▶ [Brief descriptive captions]
-.-.-

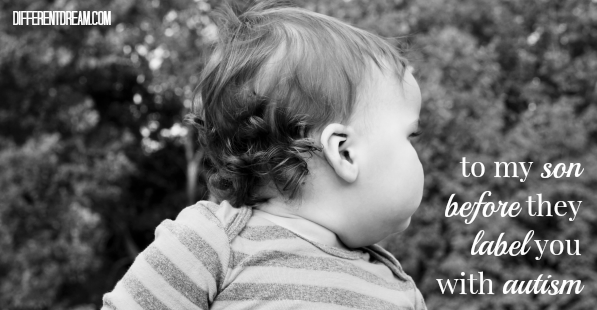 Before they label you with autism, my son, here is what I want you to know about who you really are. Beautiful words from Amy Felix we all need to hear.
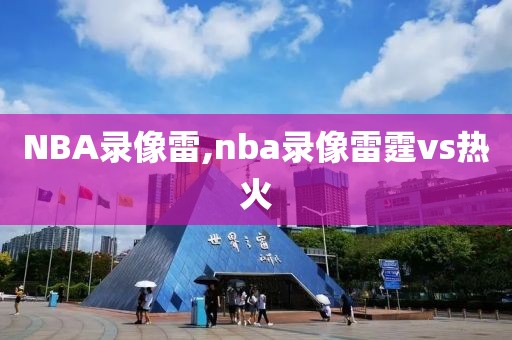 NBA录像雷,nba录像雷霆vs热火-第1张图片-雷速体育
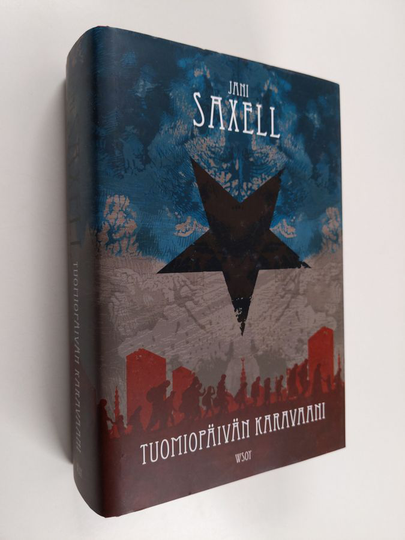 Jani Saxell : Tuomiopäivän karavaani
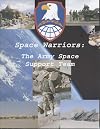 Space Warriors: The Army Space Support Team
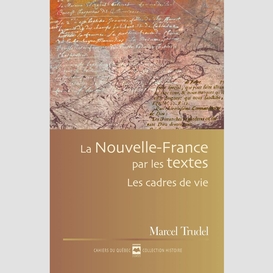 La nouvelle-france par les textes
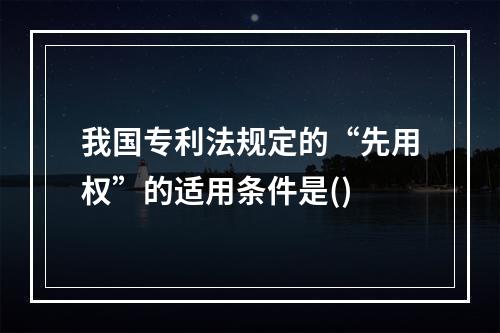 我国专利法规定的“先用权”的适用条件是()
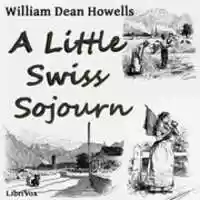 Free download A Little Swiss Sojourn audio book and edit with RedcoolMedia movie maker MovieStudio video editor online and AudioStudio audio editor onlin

-.-.-

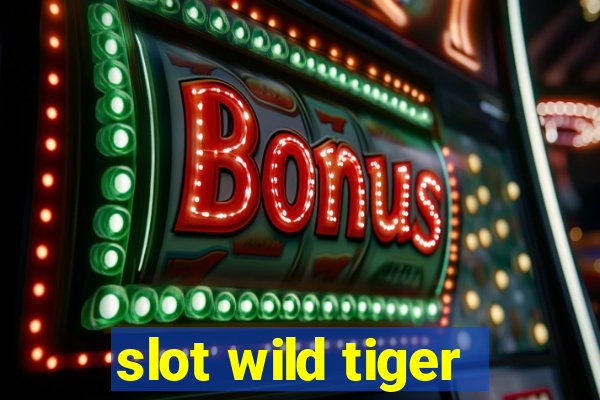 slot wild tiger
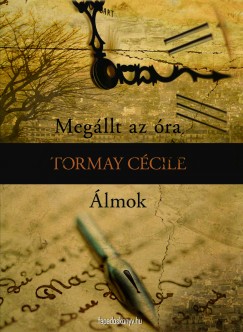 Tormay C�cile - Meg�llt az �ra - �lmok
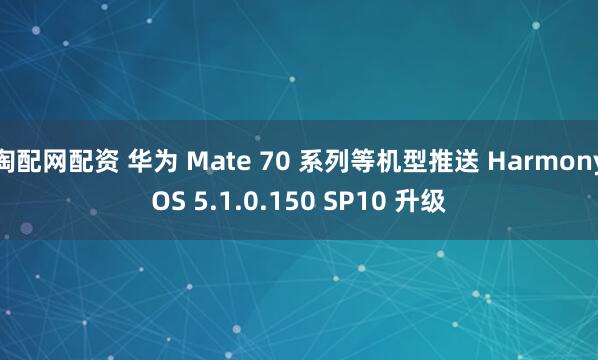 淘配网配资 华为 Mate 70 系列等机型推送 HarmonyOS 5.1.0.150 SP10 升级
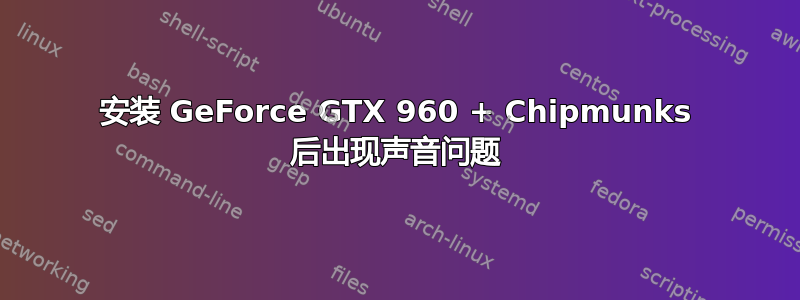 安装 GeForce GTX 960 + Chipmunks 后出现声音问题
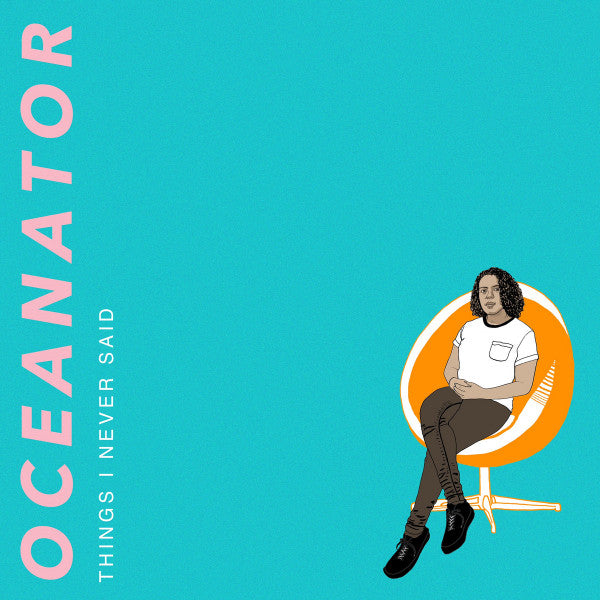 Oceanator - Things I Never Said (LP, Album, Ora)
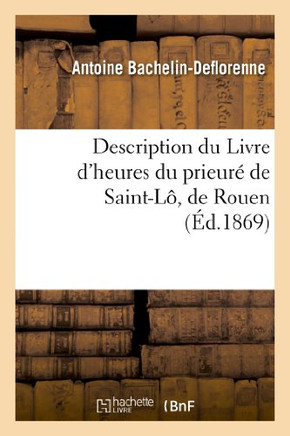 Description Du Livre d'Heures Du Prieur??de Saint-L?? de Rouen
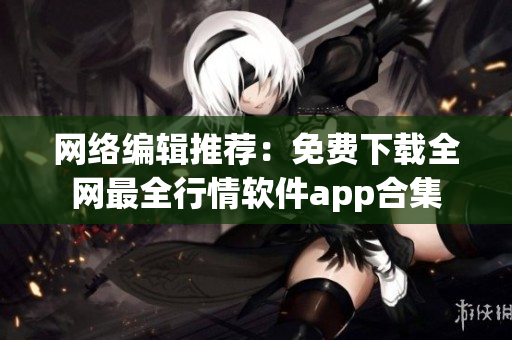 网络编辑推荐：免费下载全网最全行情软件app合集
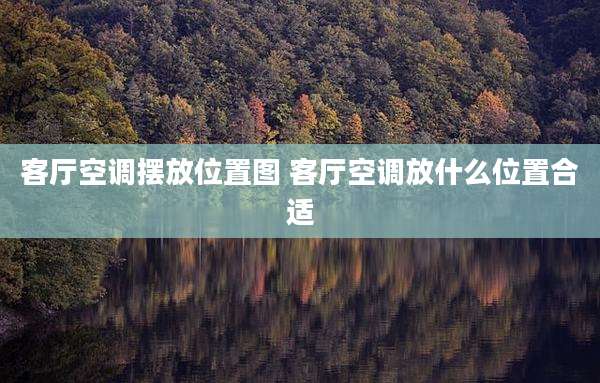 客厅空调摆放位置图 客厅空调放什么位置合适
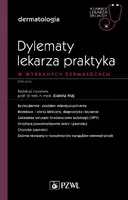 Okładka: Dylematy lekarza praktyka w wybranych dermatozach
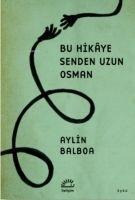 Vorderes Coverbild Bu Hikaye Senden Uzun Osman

-.-.-

▶ [EXERCISE]
Reproduce the data above exactly, but only from the line containing "Before they label" through the line containing "Free download A"; skip the pictures.

▶ [ANSWER FOR THIS EXERCISE]
 Before they label you with autism, my son, here is what I want you to know about who you really are. Beautiful words from Amy Felix we all need to hear.
 NBA录像雷,nba录像雷霆vs热火-第1张图片-雷速体育
 Jani Saxell : Tuomiopäivän karavaani
 Space Warriors: The Army Space Support Team
 La nouvelle-france par les textes
 我国专利法规定的“先用权”的适用条件是()
 Free download A Little Swiss Sojourn audio book and edit with RedcoolMedia movie maker MovieStudio video editor online and AudioStudio audio editor onlin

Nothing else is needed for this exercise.